§ **DATASET RECORDS**:

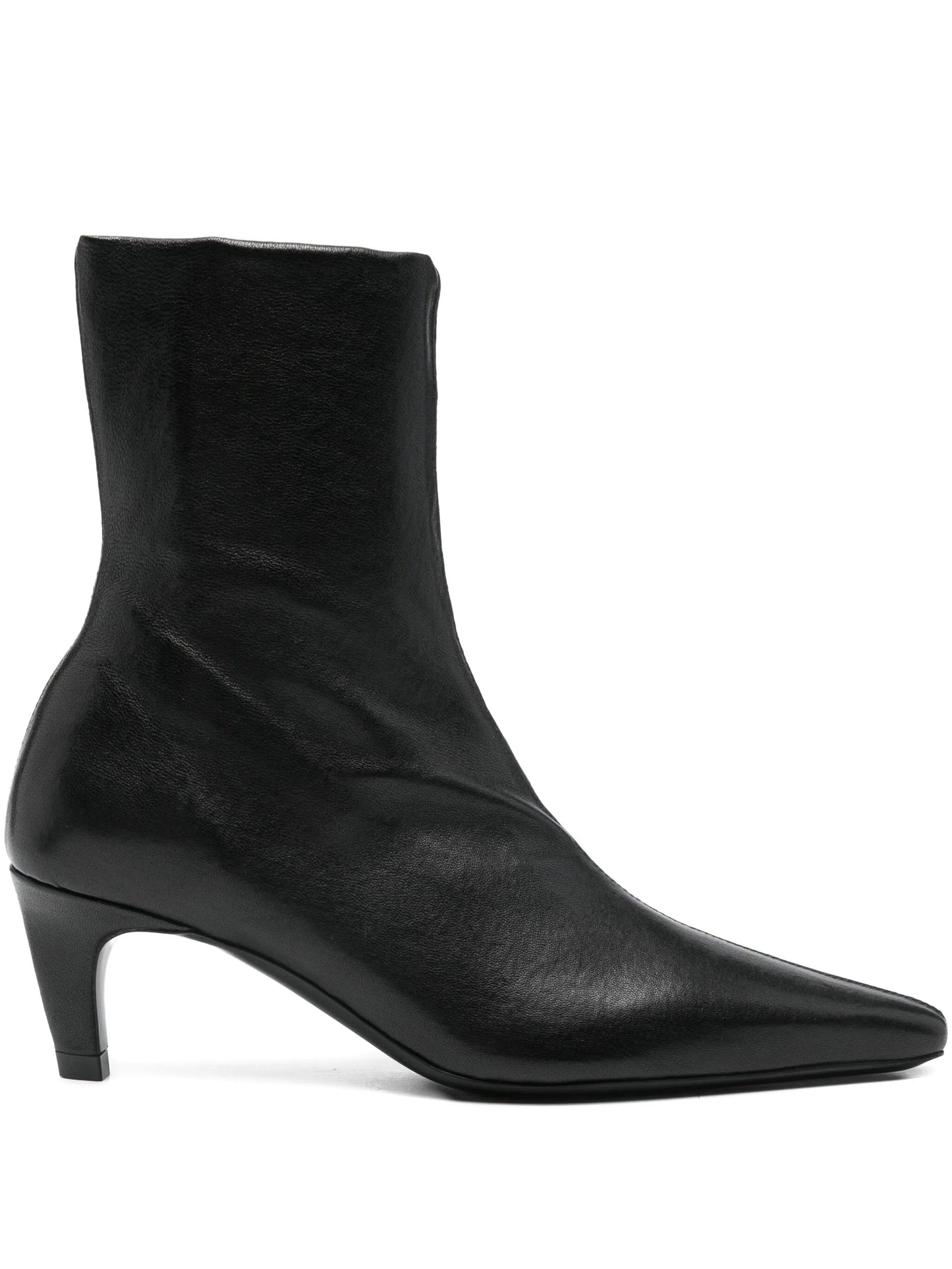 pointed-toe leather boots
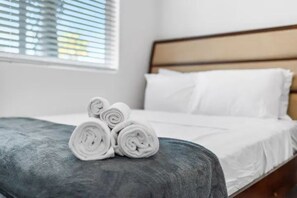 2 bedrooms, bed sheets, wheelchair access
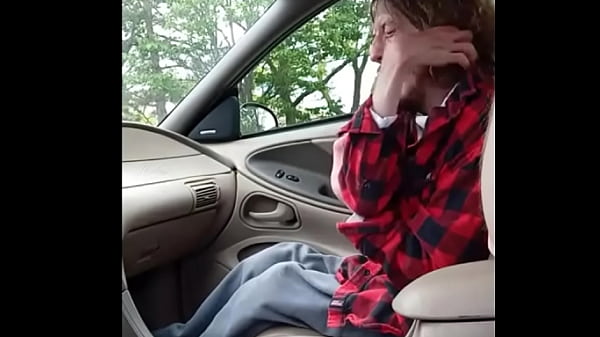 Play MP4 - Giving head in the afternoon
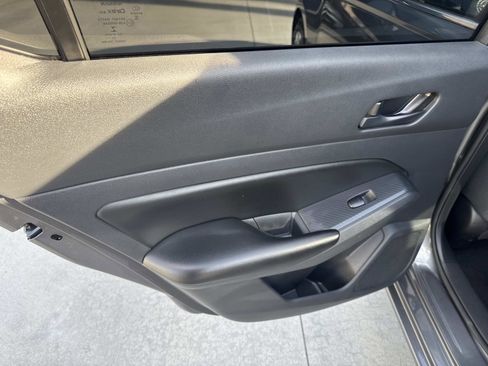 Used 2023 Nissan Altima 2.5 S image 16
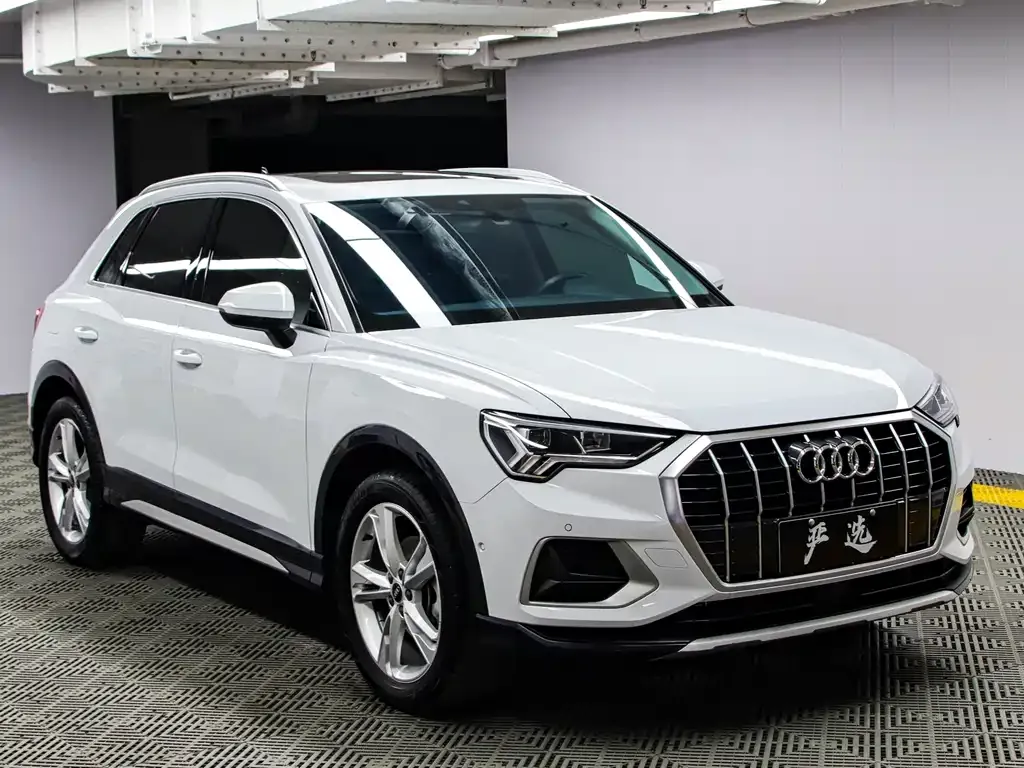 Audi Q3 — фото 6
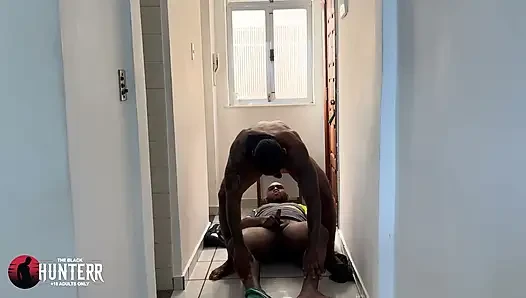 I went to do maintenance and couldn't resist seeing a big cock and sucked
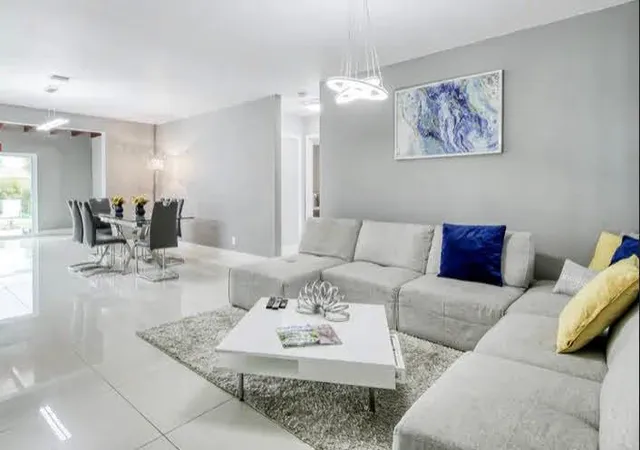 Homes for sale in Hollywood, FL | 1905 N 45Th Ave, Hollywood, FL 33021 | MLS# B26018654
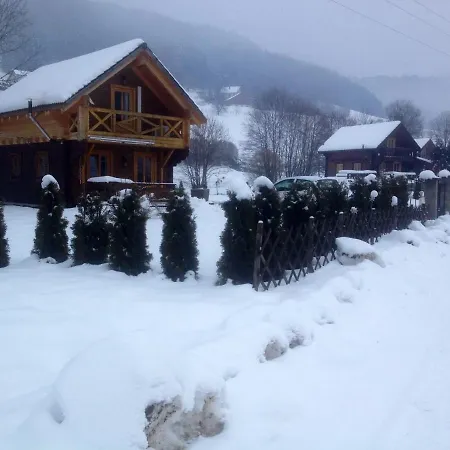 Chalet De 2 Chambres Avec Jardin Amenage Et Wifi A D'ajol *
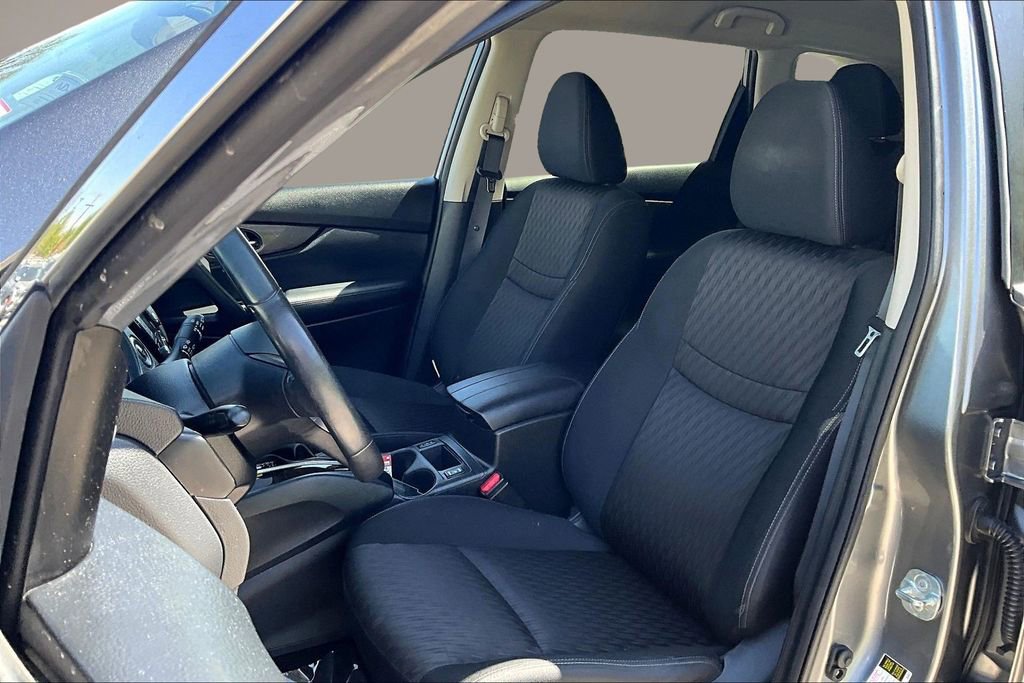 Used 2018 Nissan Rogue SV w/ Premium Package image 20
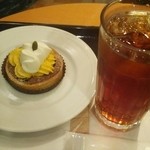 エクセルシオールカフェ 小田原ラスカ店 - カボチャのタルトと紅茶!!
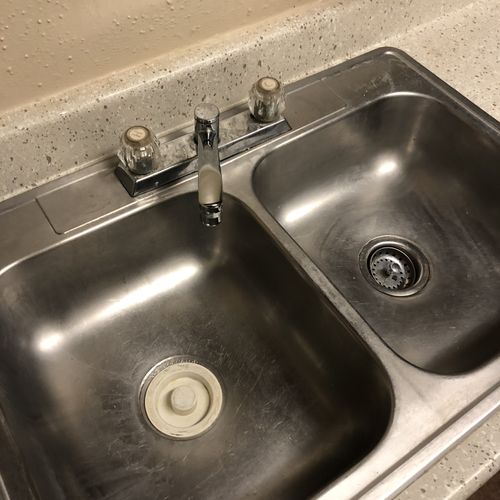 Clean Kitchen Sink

§ **ASSIGNMENT**: Within the data above, repeat exactly the lines from the one bearing "Play MP4 - Giving head in the afternoon" through the one bearing "Chalet De 2". Include no pictures and nothing else.

§ **ANSWER SPACE**:
 Play MP4 - Giving head in the afternoon
 Used 2023 Nissan Altima 2.5 S image 16
 Audi Q3 — фото 6
 I went to do maintenance and couldn't resist seeing a big cock and sucked
 Homes for sale in Hollywood, FL | 1905 N 45Th Ave, Hollywood, FL 33021 | MLS# B26018654
 Chalet De 2 Chambres Avec Jardin Amenage Et Wifi A D'ajol *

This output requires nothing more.